EXERCISE:
Line by line, copy out the entries exactly and leave the pictures behind.
[INPUT]
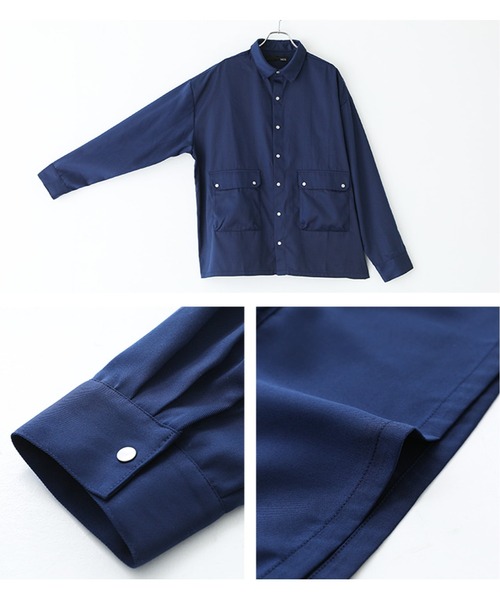 MDR(エムディアール)の「レギュラーカラーワークシャツ(シャツ/ブラウス・メンズ・ネイビー/ブラック・M/L)」の11枚目の写真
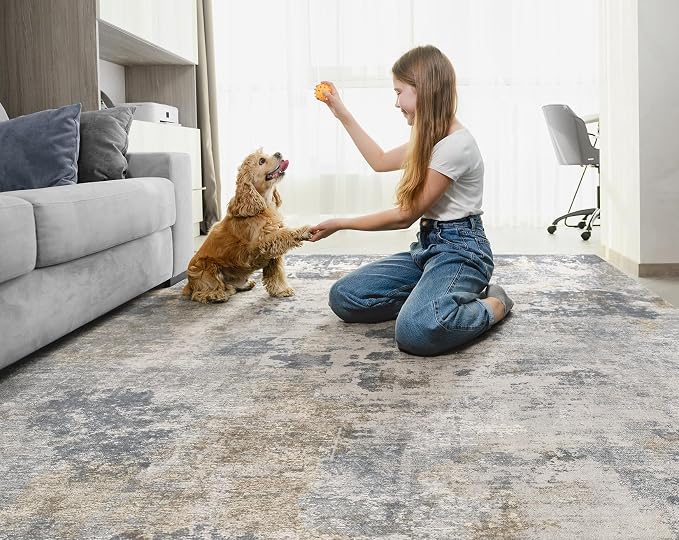 UERMEI 8x10 Area Rug Living Room Rugs - Washable Neutral Modern Abstract Soft Thin Large Rug Indoor Floor No Slip Rug Carpet for Bedroom Under Dining Table Home Office Decor - Blue Grey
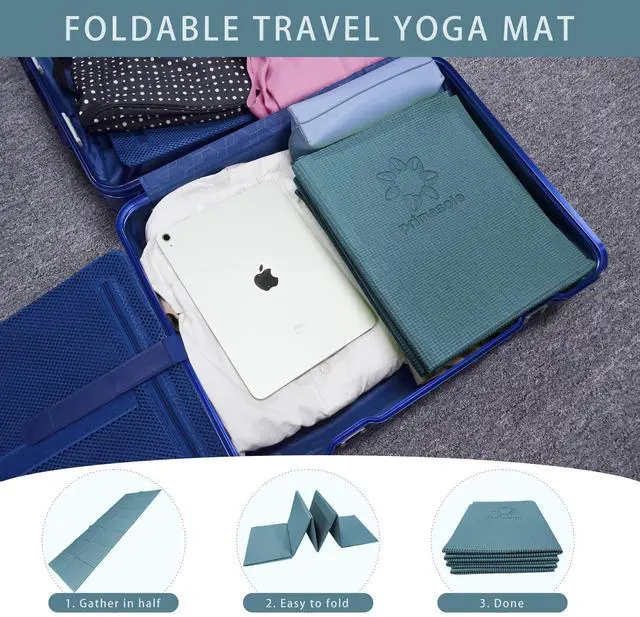 Alt view image 6 of 7 - 4mm Thick Yoga Mat - Foldable Pilates Mat for Travel, Easy to Carry to Class, Beach & Park - Tear-Resistant, Lightweight for Picnics - Forest Green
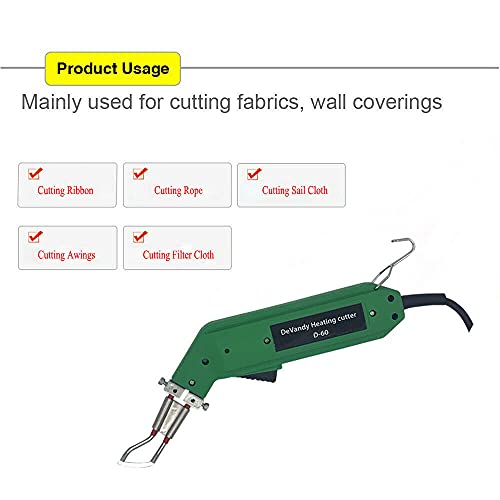 JIADING 110V 60W Electric Hot Knife Ribbon Rope Cutter Melting Fabric Cloth PVC Rope Nylon Rope Healing Cutting Kit (Cutter)
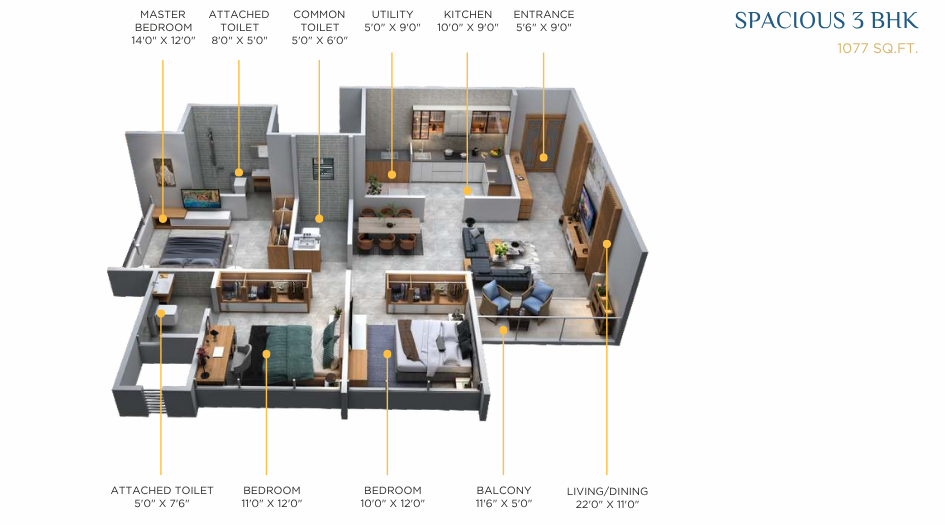 Arma-Cavansite-Floor-Plan-3-BHK-1077-Sqft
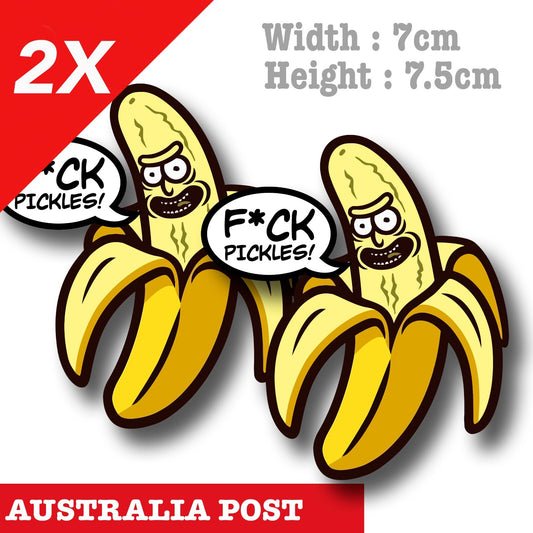 Rick and Morty Sticker- Banana Pickle Rick Funny  x2 Laptop , Car  Decal Sticker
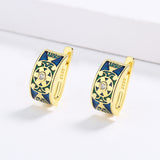 Vintage 18KGP Flower Shape Handmade Enamel Elegant Geometric Earrings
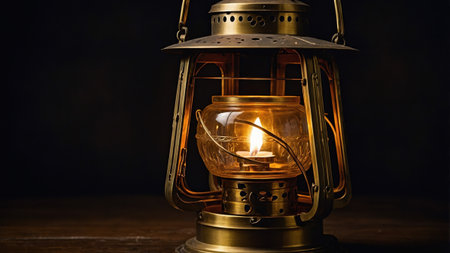 Antique brass lantern casts a warm glow, its flame flickering gently against a dark backdropの素材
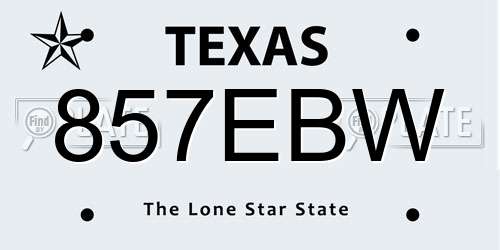 857EBW Texas License Plate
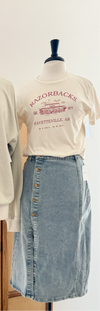 Razorbacks Stadium Coordinates Off White Micro Cropped Tee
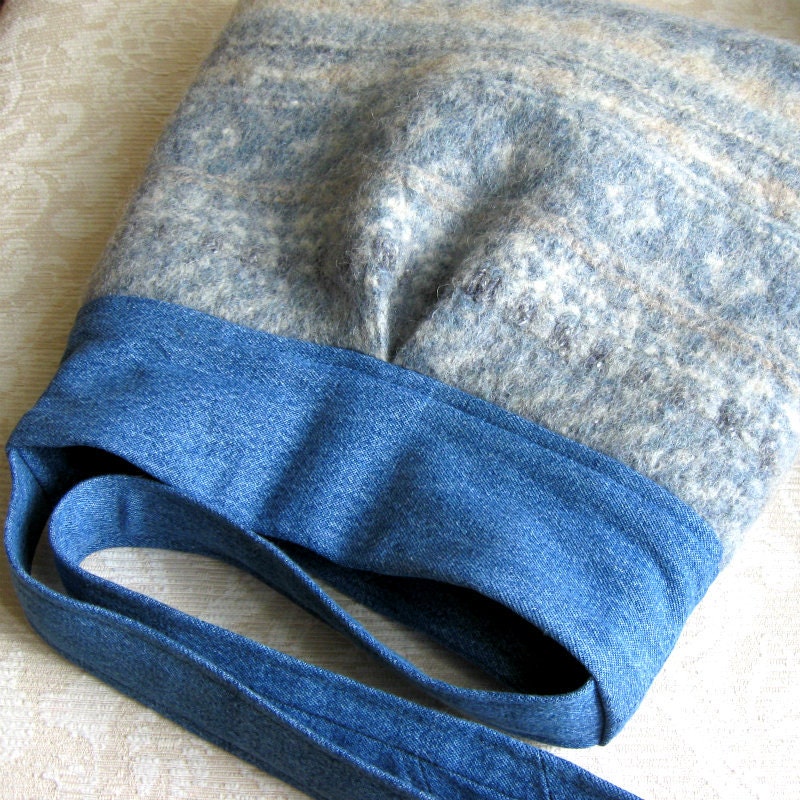 Blue Wool and Denim BELLA Purse, Upcycled Wool Handbag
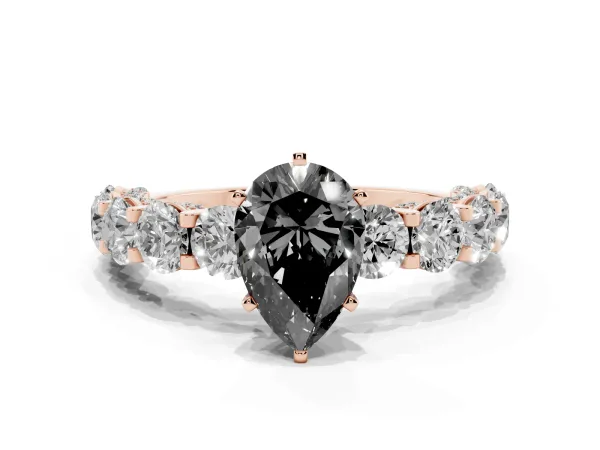 Fancy Black Pear Cut Diamond Side Stone Engagement Ring with Four-Prong Setting Rose gold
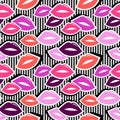 Seamless pattern with colorful badge shape lips on black striped background. Vector illustration with lips stickers in Royalty Free Stock Photo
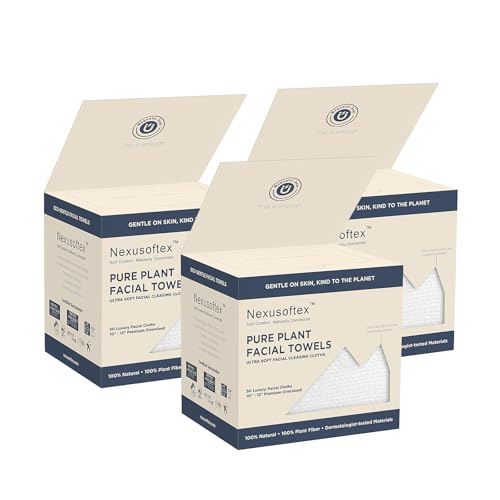 Disposable Face Towels Set - 3 Packs of 50 XL 10x12 Inch Ultra-Thick Facial Cloths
[/INPUT]
RESULT:
 MDR(エムディアール)の「レギュラーカラーワークシャツ(シャツ/ブラウス・メンズ・ネイビー/ブラック・M/L)」の11枚目の写真
 UERMEI 8x10 Area Rug Living Room Rugs - Washable Neutral Modern Abstract Soft Thin Large Rug Indoor Floor No Slip Rug Carpet for Bedroom Under Dining Table Home Office Decor - Blue Grey
 Alt view image 6 of 7 - 4mm Thick Yoga Mat - Foldable Pilates Mat for Travel, Easy to Carry to Class, Beach & Park - Tear-Resistant, Lightweight for Picnics - Forest Green
 JIADING 110V 60W Electric Hot Knife Ribbon Rope Cutter Melting Fabric Cloth PVC Rope Nylon Rope Healing Cutting Kit (Cutter)
 Arma-Cavansite-Floor-Plan-3-BHK-1077-Sqft
 Rick and Morty Sticker- Banana Pickle Rick Funny  x2 Laptop , Car  Decal Sticker
 Vintage 18KGP Flower Shape Handmade Enamel Elegant Geometric Earrings
 Antique brass lantern casts a warm glow, its flame flickering gently against a dark backdropの素材
 857EBW Texas License Plate
 Razorbacks Stadium Coordinates Off White Micro Cropped Tee
 Blue Wool and Denim BELLA Purse, Upcycled Wool Handbag
 Fancy Black Pear Cut Diamond Side Stone Engagement Ring with Four-Prong Setting Rose gold
 Seamless pattern with colorful badge shape lips on black striped background. Vector illustration with lips stickers in Royalty Free Stock Photo
 Disposable Face Towels Set - 3 Packs of 50 XL 10x12 Inch Ultra-Thick Facial Cloths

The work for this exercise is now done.